Die neuen Regeln gelten nur für Objekte, die ab dem 1. Januar 2026 erworben oder fertiggestellt werden. Für ältere Immobilien bleibt das alte Recht mit seinem Vorsteuerabzug bestehen – sofern sie zu marktüblichen Konditionen vermietet werden.

Diese Bestandsschutz-Regelung spaltet den Premiummarkt. Ältere, steueroptimiert gehaltene Luxusobjekte in Gesellschaftsbesitz haben einen klaren Wettbewerbsvorsprung, der neu nicht mehr erreicht werden kann. Für künftige Projekte bedeutet der Wegfall der Vorsteuer: entweder schmalere Margen für die Entwickler oder höhere Verkaufspreise.

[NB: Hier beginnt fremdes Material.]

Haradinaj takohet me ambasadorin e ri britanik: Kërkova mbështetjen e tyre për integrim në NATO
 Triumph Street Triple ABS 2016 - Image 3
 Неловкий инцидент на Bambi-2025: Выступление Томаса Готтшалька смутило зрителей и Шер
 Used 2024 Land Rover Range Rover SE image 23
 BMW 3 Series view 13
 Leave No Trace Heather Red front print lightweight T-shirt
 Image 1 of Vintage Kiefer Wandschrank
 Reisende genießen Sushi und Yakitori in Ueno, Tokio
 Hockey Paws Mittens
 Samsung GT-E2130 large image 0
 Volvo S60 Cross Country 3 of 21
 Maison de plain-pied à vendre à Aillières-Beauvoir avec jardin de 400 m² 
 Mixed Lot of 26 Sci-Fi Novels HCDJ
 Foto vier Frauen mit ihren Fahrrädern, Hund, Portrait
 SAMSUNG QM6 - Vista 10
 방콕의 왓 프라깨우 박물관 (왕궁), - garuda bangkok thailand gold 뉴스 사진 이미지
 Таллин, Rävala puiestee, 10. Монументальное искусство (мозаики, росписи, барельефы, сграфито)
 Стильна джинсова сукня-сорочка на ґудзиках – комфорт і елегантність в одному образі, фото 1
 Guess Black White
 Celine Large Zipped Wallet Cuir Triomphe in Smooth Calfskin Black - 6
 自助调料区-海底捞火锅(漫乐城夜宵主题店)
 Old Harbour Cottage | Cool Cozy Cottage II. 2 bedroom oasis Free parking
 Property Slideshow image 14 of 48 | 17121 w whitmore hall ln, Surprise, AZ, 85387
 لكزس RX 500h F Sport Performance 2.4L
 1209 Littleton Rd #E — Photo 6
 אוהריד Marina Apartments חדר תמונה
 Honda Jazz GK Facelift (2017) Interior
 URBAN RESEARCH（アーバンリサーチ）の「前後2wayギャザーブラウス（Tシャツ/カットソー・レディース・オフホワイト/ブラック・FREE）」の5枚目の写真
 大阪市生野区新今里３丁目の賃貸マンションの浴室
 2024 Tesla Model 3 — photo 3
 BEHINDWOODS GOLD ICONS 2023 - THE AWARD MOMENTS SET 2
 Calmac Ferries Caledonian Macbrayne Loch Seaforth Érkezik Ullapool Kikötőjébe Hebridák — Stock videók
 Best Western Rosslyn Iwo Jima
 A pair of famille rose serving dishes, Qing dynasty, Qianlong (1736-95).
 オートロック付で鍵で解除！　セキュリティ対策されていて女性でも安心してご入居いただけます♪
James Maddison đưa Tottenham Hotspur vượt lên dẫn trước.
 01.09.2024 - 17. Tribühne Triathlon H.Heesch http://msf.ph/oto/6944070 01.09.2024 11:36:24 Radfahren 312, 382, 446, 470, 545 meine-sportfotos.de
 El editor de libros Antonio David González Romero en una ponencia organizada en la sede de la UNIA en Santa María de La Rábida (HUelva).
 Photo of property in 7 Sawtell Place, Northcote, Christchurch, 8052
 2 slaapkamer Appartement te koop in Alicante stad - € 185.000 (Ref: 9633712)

Das könnte den Hochpreissektor im Neubau abkühlen.

Ausblick: Rückkehr zu den Grundlagen

Die Steuerkomplexität für vermögende Privatpersonen und gewerbliche Vermieter nimmt weiter zu. Deutsche Investoren müssen bei grenzüberschreitenden Plänen künftig sowohl die Mehrwertsteuer-Beschränkungen als auch die deutsche „Liebhaberei“-Prüfung in ihre Wirtschaftlichkeitsberechnungen einbeziehen.

Experten sehen einen möglichen Trend hin zu gewerblichen Luxusobjekten wie hochwertigen Ferienwohnungen oder Boutique-Hotels. Diese könnten unter bestimmten Bedingungen noch die gewerbliche Mehrwertsteuer-Behaltung ermöglichen. Die Ära des stark steuersubventionierten privaten Luxuswohnens über Gesellschaftsstrukturen geht zu Ende. In den DACH-Märkten kehrt der Fokus auf die klassischen, renditegetriebenen Immobilien-Grundlagen zurück.